Brief descriptive captions
+++

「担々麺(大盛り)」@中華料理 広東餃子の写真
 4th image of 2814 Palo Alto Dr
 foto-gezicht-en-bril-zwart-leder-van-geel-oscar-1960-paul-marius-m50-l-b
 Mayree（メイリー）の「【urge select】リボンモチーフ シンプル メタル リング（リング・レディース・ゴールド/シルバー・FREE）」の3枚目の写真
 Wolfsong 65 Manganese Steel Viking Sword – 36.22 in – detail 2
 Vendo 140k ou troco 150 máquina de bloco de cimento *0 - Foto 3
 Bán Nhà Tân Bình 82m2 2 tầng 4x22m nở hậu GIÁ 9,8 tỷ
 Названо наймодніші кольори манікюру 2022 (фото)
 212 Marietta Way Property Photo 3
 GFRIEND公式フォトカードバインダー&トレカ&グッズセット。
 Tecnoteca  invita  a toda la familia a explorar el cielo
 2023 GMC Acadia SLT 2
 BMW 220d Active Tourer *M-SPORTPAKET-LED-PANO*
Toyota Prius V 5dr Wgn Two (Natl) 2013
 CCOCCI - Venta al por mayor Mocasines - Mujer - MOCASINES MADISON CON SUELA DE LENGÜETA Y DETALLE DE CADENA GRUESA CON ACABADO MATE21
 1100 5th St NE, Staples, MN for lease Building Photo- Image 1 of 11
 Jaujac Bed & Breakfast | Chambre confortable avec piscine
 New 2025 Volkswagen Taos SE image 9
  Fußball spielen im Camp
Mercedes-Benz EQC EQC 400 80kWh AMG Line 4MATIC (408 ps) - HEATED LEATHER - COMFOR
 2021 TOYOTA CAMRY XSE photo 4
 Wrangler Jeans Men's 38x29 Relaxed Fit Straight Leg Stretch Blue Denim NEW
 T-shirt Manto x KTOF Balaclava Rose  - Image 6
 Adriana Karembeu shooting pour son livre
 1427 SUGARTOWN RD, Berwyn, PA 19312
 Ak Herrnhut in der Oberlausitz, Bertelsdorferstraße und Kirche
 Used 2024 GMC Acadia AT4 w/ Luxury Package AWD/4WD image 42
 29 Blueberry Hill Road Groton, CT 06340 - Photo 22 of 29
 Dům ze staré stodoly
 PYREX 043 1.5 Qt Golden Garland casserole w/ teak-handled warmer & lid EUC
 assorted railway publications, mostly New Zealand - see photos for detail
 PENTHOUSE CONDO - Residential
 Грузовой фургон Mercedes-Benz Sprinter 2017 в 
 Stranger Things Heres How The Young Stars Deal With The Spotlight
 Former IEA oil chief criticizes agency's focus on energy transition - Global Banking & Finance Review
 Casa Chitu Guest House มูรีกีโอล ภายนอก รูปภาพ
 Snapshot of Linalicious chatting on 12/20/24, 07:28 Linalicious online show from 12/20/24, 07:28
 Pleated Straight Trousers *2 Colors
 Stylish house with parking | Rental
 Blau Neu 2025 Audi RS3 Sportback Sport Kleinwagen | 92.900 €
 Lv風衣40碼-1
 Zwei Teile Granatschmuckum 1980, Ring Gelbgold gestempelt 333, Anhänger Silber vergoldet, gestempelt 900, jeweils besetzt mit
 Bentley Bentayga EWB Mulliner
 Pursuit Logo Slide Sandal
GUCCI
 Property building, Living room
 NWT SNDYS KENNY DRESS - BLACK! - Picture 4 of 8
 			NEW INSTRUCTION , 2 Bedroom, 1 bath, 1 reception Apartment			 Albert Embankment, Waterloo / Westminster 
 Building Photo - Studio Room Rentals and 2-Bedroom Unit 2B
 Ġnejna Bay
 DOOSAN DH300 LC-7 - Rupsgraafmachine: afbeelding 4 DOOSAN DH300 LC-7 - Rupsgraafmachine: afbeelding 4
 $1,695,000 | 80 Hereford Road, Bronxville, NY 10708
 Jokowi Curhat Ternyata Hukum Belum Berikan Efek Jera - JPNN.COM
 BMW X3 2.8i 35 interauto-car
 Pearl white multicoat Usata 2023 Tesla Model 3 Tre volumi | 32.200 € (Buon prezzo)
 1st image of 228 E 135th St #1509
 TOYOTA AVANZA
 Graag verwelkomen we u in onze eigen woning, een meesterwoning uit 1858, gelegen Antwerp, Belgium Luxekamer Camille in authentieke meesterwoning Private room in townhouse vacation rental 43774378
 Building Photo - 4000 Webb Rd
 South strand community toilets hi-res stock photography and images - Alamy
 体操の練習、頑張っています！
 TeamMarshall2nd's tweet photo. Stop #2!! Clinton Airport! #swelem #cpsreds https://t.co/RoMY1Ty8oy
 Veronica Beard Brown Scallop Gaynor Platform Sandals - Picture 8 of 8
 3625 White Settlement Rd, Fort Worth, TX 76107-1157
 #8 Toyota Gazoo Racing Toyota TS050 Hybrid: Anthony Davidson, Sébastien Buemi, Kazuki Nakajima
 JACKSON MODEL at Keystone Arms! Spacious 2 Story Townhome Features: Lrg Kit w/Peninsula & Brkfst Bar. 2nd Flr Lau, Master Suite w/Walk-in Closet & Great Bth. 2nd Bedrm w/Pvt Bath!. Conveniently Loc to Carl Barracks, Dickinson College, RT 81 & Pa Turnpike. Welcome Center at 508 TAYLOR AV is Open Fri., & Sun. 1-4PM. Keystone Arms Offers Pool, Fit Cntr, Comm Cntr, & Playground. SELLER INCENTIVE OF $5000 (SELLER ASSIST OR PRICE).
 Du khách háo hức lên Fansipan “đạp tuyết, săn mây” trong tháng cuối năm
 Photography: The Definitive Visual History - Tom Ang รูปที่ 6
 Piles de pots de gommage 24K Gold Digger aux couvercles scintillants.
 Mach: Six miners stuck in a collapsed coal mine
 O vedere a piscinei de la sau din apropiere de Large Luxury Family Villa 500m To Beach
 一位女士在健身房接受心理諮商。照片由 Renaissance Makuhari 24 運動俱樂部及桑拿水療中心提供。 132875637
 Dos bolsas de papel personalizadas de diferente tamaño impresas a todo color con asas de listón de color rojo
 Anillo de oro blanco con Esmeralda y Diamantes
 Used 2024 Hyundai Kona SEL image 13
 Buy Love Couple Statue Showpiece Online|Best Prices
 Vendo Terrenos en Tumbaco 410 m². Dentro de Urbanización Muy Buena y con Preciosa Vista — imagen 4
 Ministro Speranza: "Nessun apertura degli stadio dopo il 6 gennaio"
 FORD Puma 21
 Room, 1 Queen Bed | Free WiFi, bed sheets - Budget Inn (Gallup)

+++

**Task directions:**
Return each line of the data above that includes the word "detail".

**Answer to this task:**
 Wolfsong 65 Manganese Steel Viking Sword – 36.22 in – detail 2
 assorted railway publications, mostly New Zealand - see photos for detail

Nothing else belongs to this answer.